(Input)
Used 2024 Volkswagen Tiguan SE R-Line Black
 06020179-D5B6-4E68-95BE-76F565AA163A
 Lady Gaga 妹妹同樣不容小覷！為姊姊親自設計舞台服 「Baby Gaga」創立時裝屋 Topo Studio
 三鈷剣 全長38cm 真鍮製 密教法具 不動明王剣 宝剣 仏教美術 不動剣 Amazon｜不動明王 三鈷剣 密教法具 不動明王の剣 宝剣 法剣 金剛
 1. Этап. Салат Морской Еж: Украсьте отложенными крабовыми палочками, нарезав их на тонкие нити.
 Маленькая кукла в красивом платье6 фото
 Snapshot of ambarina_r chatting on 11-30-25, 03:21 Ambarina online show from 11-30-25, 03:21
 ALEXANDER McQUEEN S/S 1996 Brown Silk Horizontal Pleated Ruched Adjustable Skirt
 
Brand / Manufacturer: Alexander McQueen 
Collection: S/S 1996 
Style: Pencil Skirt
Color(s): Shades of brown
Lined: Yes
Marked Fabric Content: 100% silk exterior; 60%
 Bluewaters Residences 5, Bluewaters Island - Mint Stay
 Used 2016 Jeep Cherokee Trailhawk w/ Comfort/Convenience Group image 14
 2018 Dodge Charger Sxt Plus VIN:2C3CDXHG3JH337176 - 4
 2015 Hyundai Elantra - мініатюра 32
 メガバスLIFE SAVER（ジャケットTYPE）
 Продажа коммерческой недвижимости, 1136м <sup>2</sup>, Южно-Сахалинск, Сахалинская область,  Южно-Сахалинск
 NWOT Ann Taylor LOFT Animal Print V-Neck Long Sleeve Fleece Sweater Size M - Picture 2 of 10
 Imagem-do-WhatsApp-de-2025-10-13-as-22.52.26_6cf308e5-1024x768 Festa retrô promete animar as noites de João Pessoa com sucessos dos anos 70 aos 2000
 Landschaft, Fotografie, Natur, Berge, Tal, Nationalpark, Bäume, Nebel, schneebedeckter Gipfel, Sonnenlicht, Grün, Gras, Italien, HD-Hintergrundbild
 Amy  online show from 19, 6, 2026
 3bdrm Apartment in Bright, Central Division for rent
(End Input)
What you need to do:
Nothing should appear in the answer except the lines from the one with "2018 Dodge Charger" through the final line of the records, written exactly.

Response box:
 2018 Dodge Charger Sxt Plus VIN:2C3CDXHG3JH337176 - 4
 2015 Hyundai Elantra - мініатюра 32
 メガバスLIFE SAVER（ジャケットTYPE）
 Продажа коммерческой недвижимости, 1136м <sup>2</sup>, Южно-Сахалинск, Сахалинская область,  Южно-Сахалинск
 NWOT Ann Taylor LOFT Animal Print V-Neck Long Sleeve Fleece Sweater Size M - Picture 2 of 10
 Imagem-do-WhatsApp-de-2025-10-13-as-22.52.26_6cf308e5-1024x768 Festa retrô promete animar as noites de João Pessoa com sucessos dos anos 70 aos 2000
 Landschaft, Fotografie, Natur, Berge, Tal, Nationalpark, Bäume, Nebel, schneebedeckter Gipfel, Sonnenlicht, Grün, Gras, Italien, HD-Hintergrundbild
 Amy  online show from 19, 6, 2026
 3bdrm Apartment in Bright, Central Division for rent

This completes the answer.